I have a 2004 Grand Cherokee Laredo with 249 000km.  4 days ago after 20 mins of travel my engine started shaking and the engine light started flashing. I have a cyl #1 misfire code.

 

At idle the engine is running very well but when it is a litle bit warmer and i making it run at 2000 rpm or if i put it on drive with brake on, it's starting to shake. But if i give a fuel shot to 3000 rpm the misfire disappears.

 

Here's the tests that i have done:

 

I've tried a new coil pack because i assume that the spark plugs were ok ( i've change them 4 months ago,  approx 5000 km). It was worse 147 misfire cyl #1 in 3 mins, instead of 83 with the old coil pack.

I installed the old coil pack and changed the spark plug #1 by a new one, result: no change.

I've unplugged injector # 1 and i can see that the injection was cut on this cylinder so the injector was ok.

i've spray water on coil rack just to be sure that fire is not jumping and everything is ok

I've spray brake cleaner on all vaccum hoses and throttle body to see if i have vaccum leak and nothing happen, visual inspection of the hoses and look all good.

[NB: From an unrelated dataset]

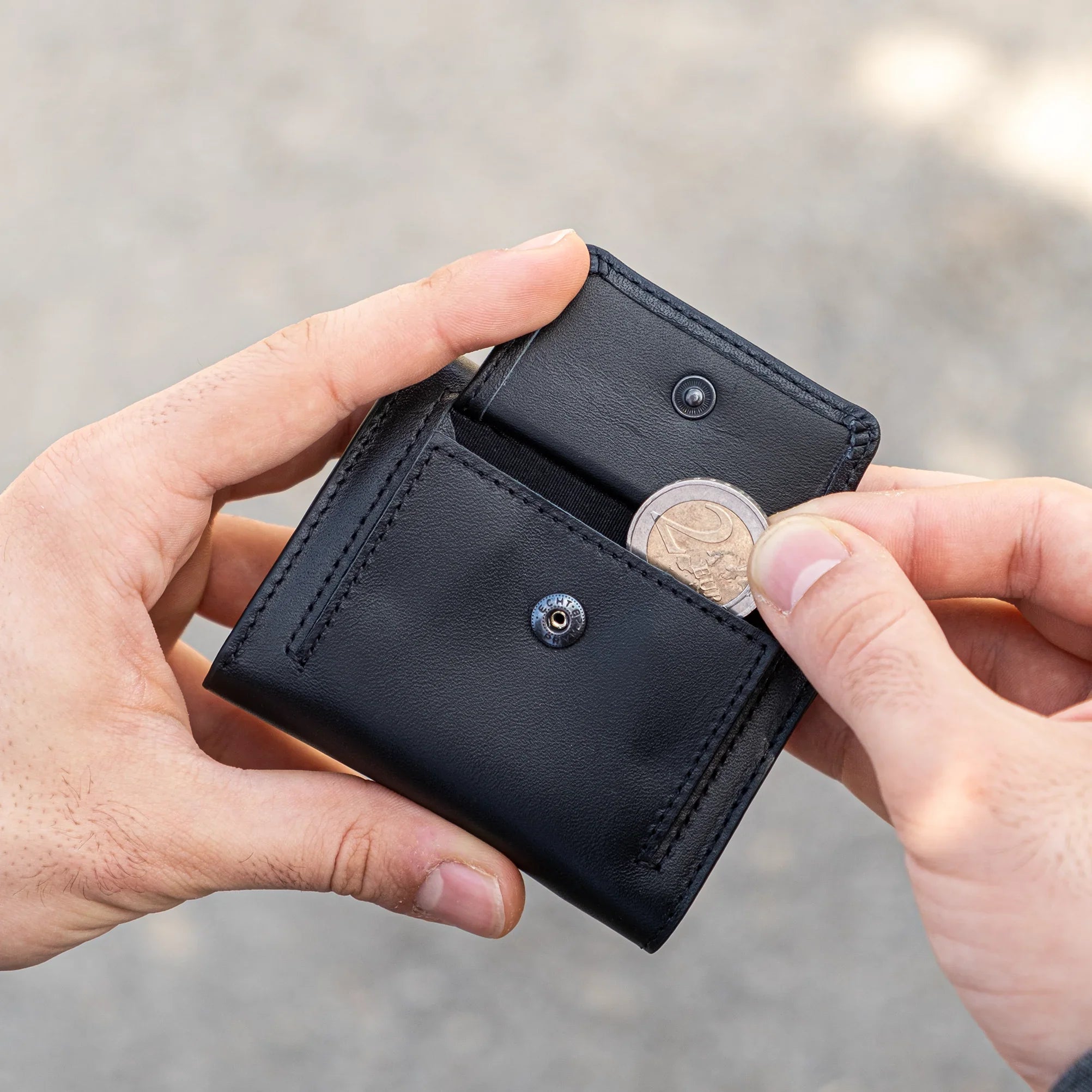 KLIK Classic con portamonete XL Mirum Nero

I've put a new ground because the one just beside the dipstick was in bad shape

I've tested compression on cyl #1 and i have 135 psi.

The engine is not burning oil or coolant.

 

I don't know if it's normal, i never paid attention to that before but the evap purge solenoid is clicking 2 shots / seconds

 

FYI i have done a lot of things on it in the last months. Here's the list

 

-Yesterday i'v change my water pump started leaking in the shop 3 days ago. At the same time i've change the timing chain and gears ( the timing is ok )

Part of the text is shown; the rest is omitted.